Uber(ウーバー)のお世話になることに
のんびりお昼を楽しんだところで、次の目的地ヴァチカンへ行かなくてはなりません。あいにく地下鉄B線が工事中で動いていなかったので、バスかタクシーで行けばなんとか行けると軽く考えていたのが大まちがい、とんだことになりました!
バス停に行ってみましたが、チケットを持っていないとバスには乗せてもらえません。でもチケットをどこで売っているのか誰に聞いてもさっぱりわかりません。
タクシー乗り場を教えてもらって、そこで待っていましたが、待てど暮らせどタクシーは来ません。おかしいなと思ってガイドブックを見ると、ローマでは流しのタクシーはほとんど来ないと書かれているではありませんか!
しかたないのでウーバーを頼むことにしました。ところが、これがまた待っても待っても来ないのと、大通りのどちら側で待てば良いのかがわからず、何度も大通りを行ったり来たりして車を探しました。
やっと車を見つけた時にはすでに1時半。ヴァチカン美術館の集合は1時50分、時間厳守です。間に合わないと置いていかれてしまいます。
ドライバーの男性は「がんばってみる」とめちゃめちゃ飛ばしてくれて、なんと1分前に到着!ハラハラドキドキでした!
初ウーバー、ホントに助かりました!感謝!
ウーバーの料金は19ユーロでした。
ヴァチカン美術館
ヴァチカン美術館の入り口はものすごい人だかりでしたが、ガイドさんがすぐに見つけてくれてひと安心。あれ?このガイドさん、どこかで見たような?

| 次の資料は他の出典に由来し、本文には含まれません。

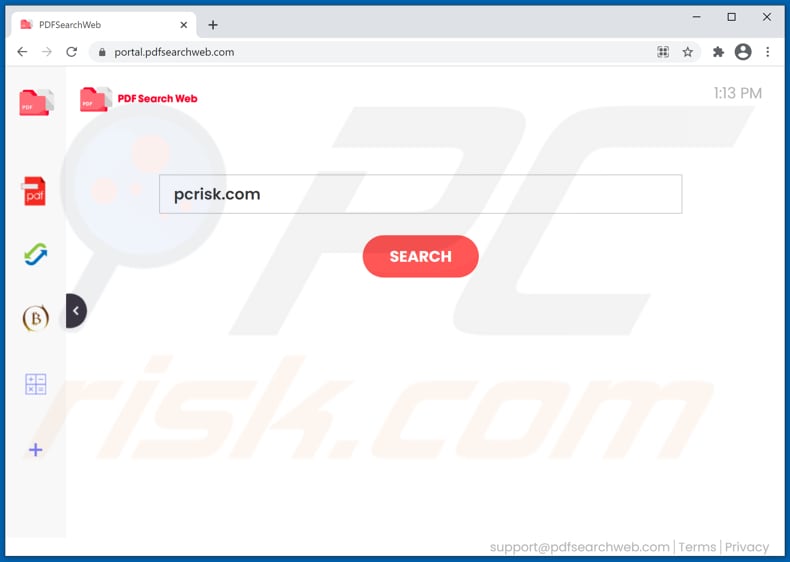 pdfsearchweb.com browser hijacker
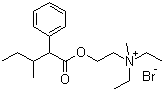 CAS # 90-22-2, Valethamate bromide, Diethyl(methyl)(2-(3-methyl-2-phenylvaleryloxy)ethyl)ammonium bromide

なんと、日本で事前勉強のために観た、ブラタモリのローマ編に出ていた、4カ国語を話せる超絶物知りの政府公認観光ガイドの方でした!なんて運が良いのでしょう、というか、あやうく、その運をとりにがすところでした。よかった〜、まにあって。
さて、ヴァチカン美術館ですが、中はラッシュ時の電車のように混んでいて、建物は迷路みたいでわかりにくく、あっというまに迷子になることができそうなところです。
ツァー参加者はイヤフォンをつけていて、少し離れていてもガイドさんの声を聞くことができます。「この先を左に曲がって階段を降ります」みたいに言ってくれるので、その声とガイドさんが持っている棒の先の緑色のバンダナをたよりに必死でついていきます。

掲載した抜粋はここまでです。